Exosomal MicroRNA Transfer Into Macrophages Mediates Cellular Postconditioning.

BACKGROUND: Cardiosphere-derived cells (CDCs) confer cardioprotection in acute myocardial infarction by distinctive macrophage (Mϕ) polarization. Here we demonstrate that CDC-secreted exosomes (CDC(exo)) recapitulate the cardioprotective effects of CDC therapy known as cellular postconditioning. METHODS: Rats and pigs underwent myocardial infarction induced by ischemia/reperfusion before intracoronary infusion of CDC(exo), inert fibroblast exosomes (Fb(exo); control), or vehicle. Two days later, infarct size was quantified. Macrophages were isolated from cardiac tissue or bone marrow for downstream analyses.
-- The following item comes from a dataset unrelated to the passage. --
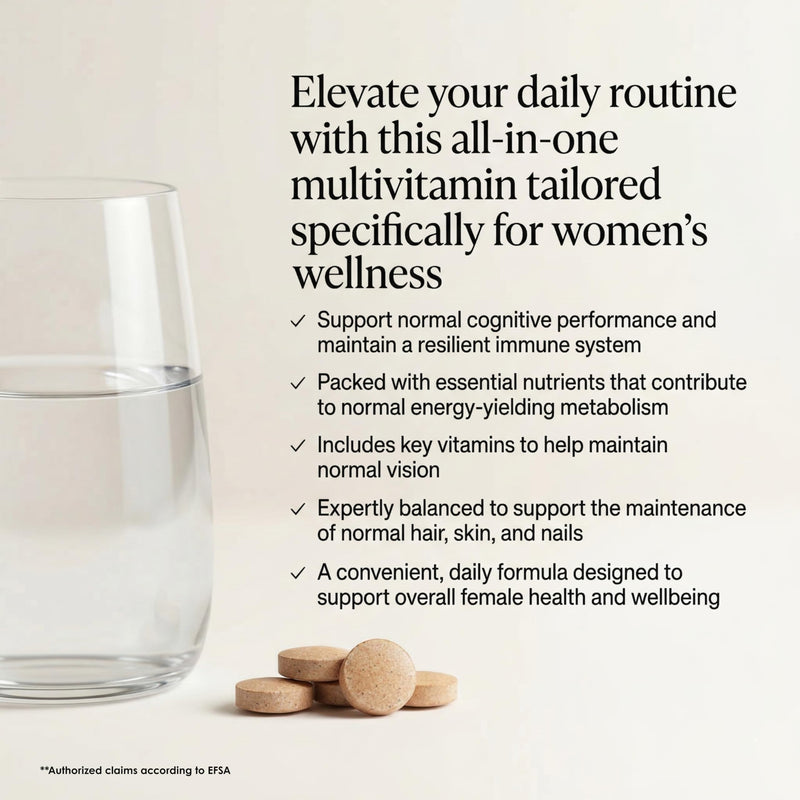 Sky Premium Life Women’s Multivitamin & Minerals – 23 Nutrients for Energy, Immune Support & Fatigue – Skin, Hair & Nails with Biotin, Iron, Zinc & Vitamin D3 – 60 Tablets (2 Month Supply)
RNA sequencing was used to determine exosome content and alterations in gene expression profiles in Mϕ. RESULTS: Administration of CDC(exo) but not Fb(exo) after reperfusion reduces infarct size in rat and pig models of myocardial infarction. Furthermore, CDC(exo) reduce the number of CD68+ Mϕ within infarcted tissue and modify the polarization state of Mϕ so as to mimic that induced by CDCs. CDC(exo) are enriched in several miRNAs (including miR-146a, miR-181b, and miR-126) relative to Fb(exo). Reverse pathway analysis of whole-transcriptome data from CDC(exo)-primed Mϕ implicated miR-181b as a significant (P=1.3x10(-21)) candidate mediator of CDC-induced Mϕ polarization, and PKCδ (protein kinase C δ) as a downstream target. Otherwise inert Fb(exo) loaded selectively with miR-181b alter Mϕ phenotype and confer cardioprotective efficacy in a rat model of myocardial infarction. Adoptive transfer of PKCδ-suppressed Mϕ recapitulates cardioprotection. CONCLUSIONS: Our data support the hypothesis that exosomal transfer of miR-181b from CDCs into Mϕ reduces PKCδ transcript levels and underlies the cardioprotective effects of CDCs administered after reperfusion.